Artesans pertenecería a la categoría de esos restaurantes con historia, una trayectoria plena de vicisitudes, cambios de nombre, de carácter, de clientela y de contexto que han ido forjando su personalidad y le han convertido en el local que es ahora, un recién llegado al Born pese a que una de sus paredes data del siglo XIII y que conserva aún algunos elementos originales de aquella época, cuando formaba parte del puerto de Barcelona y los barcos descargaban allí sus mercancías.De hecho, si echáis un vistazo en las argollas que se mantienen en el techo: se utilizaban para la descarga de las barcas, pues el mar llegaba al interior del local.
Recién inaugurado, Artesans es ahora un local moderno, contemporáneo y cosmopolita a rabiar que conserva una pared original procedente de Santa Maria del Mar, un sitio agradable y sofisticado, frecuentado por una estupenda clientela ‘pi-hipster’ (¿nos compráis el palabra?) y una carta de tapas más que bienvenida a la ciudad que no va a sobrepasar los 20 € por cabeza.

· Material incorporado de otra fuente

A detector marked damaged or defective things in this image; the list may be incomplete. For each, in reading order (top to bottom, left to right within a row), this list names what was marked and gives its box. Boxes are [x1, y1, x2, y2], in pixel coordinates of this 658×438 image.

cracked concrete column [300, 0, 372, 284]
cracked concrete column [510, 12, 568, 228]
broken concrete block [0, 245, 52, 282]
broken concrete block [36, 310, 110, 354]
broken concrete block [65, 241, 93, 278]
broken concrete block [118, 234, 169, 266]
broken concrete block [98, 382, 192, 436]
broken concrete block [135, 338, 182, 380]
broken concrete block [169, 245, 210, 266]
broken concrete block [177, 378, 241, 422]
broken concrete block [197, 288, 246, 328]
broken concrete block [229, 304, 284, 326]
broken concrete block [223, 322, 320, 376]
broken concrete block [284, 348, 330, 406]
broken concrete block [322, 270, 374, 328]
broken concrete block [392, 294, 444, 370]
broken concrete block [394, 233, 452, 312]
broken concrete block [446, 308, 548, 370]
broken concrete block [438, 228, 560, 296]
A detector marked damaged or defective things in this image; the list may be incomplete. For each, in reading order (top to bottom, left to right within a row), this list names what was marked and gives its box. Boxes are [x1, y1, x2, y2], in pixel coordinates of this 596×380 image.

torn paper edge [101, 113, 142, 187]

Artesans es, pues, un ejemplo más de lo que se lleva en Barcelona: locales sofisticados y de impecable interiorismo (por suerte, esta vez no está firmado por el hombre de moda, Lázaro Rosa Violán, a punto de morir de éxito si no lo ha hecho ya) cuya cocina es, en realidad, más que tradicional. Tapas de toda la vida con una buena materia prima, de presentación cuidada y con alguna concesión a la creatividad y a la cocina internacional. Valgan como ejemplo de este talante que apuesta por hacerlo bien sin filigranas ni vanguardias unas buenas croquetas (y éstas suelen ser prueba de fuego a la hora de valorar un restaurante), unas patatas confitadas con crujiente de patata y calamar o el solomillo de ternera joven con foie y verduritas (una de las tapas más caras, a 12€, pues el resto rondan los €).

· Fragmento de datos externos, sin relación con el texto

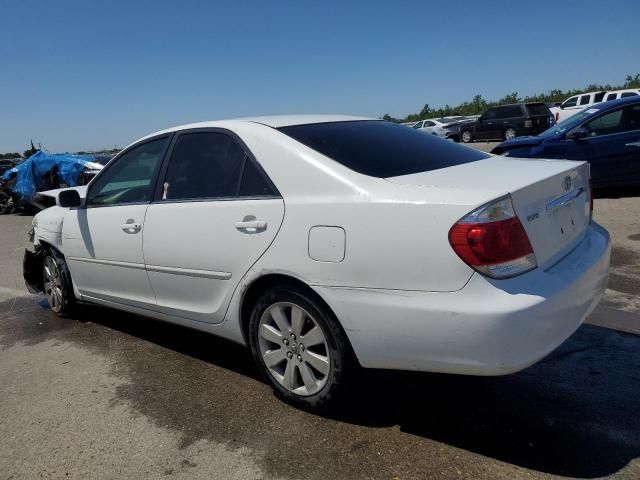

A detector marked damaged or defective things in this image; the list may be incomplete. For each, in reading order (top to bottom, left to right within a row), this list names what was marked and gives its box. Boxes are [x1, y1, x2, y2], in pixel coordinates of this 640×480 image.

damaged front bumper [23, 246, 44, 294]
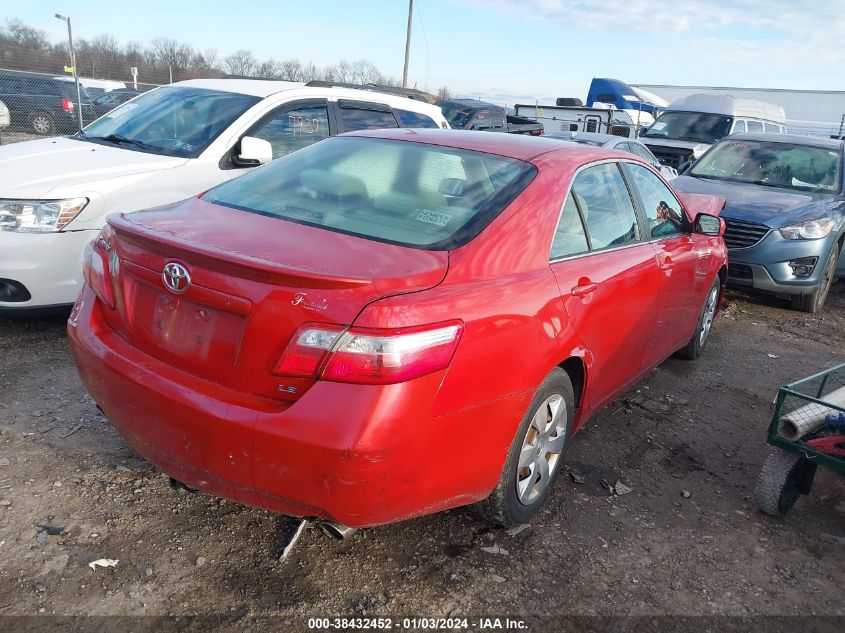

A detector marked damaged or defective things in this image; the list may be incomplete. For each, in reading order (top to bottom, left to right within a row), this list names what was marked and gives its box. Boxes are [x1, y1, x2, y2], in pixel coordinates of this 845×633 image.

dent on bumper [0, 228, 98, 308]
dent on bumper [69, 288, 532, 524]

¿Seguimos? Alcachofas con jamón ibérico y huevo en dos texturas, bomba de morcilla, tosta de sardina marinada y macerada con vinagre de arroz, picadillo de cebolla alemana y tomate con reducción de zumo de naranja dulce, o ensalada de mango y gambas al estilo Thai, todo ello elaborado con el objetivo de montar una mesa con tapeo a compartir, comer con las manos si se tercia, y probar un poco de todo lo que nos brinda esta carta sencilla y bien facturada elaborada por la chef alicantina Ana Pons Bolufer, que ha trabajado con chefs como Jordi Herrera y Carles Abellan.

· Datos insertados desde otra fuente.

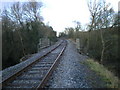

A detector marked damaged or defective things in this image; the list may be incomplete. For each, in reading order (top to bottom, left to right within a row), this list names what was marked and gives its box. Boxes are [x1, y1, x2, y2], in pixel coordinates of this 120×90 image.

rusted rail [1, 39, 67, 88]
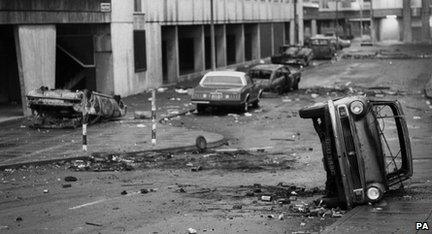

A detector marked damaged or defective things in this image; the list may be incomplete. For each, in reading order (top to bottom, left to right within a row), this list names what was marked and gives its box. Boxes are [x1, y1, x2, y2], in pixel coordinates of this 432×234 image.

burned car [272, 44, 312, 66]
damaged car [272, 44, 312, 66]
overturned vehicle [272, 44, 312, 66]
burned car [310, 36, 338, 59]
overturned vehicle [26, 87, 125, 129]
damaged car [26, 87, 125, 129]
burned car [27, 87, 126, 129]
burned car [191, 70, 262, 113]
damaged car [191, 70, 262, 113]
burned car [246, 64, 300, 94]
damaged car [246, 64, 300, 94]
burned car [298, 96, 414, 209]
overturned vehicle [298, 96, 414, 209]
damaged car [298, 96, 414, 209]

Mientras damos cuenta del surtido de tapas, podemos departir, sobre la historia de este local. Durante el siglo XVI fue uno de esos espacios esparteros que dieron nombre a la calle en la que se halla, Esparteria, mientras que en los setenta fue Zócalo, un establecimiento que muchos recordarán porque reunía a una parte de aquella ‘gauche divine’ barcelonesa como Joan Manuel Serrat, Perich o Jaume Sisa. Tras un aparatoso incendio, acabó transformándose en un restaurante de fondues a mediados de los ochenta, y ahora reabre las puertas como bar-de-tapas sofisticado-pero-asequible, en una zona, el Born, que no cuenta con demasiados establecimientos de este estilo.
Lo mejor: la imponente pared de piedra y las croquetas, no necesariamente por este orden.
Lo mejorable: Aún es pronto decirlo, pero todo indica a que se lo van a quedar los guiris todito para ellos.
Artesans. Esparteria, 10.
Tel. 93 461 46 84.
Horario: de lunes a domingo de 13 a 24 h.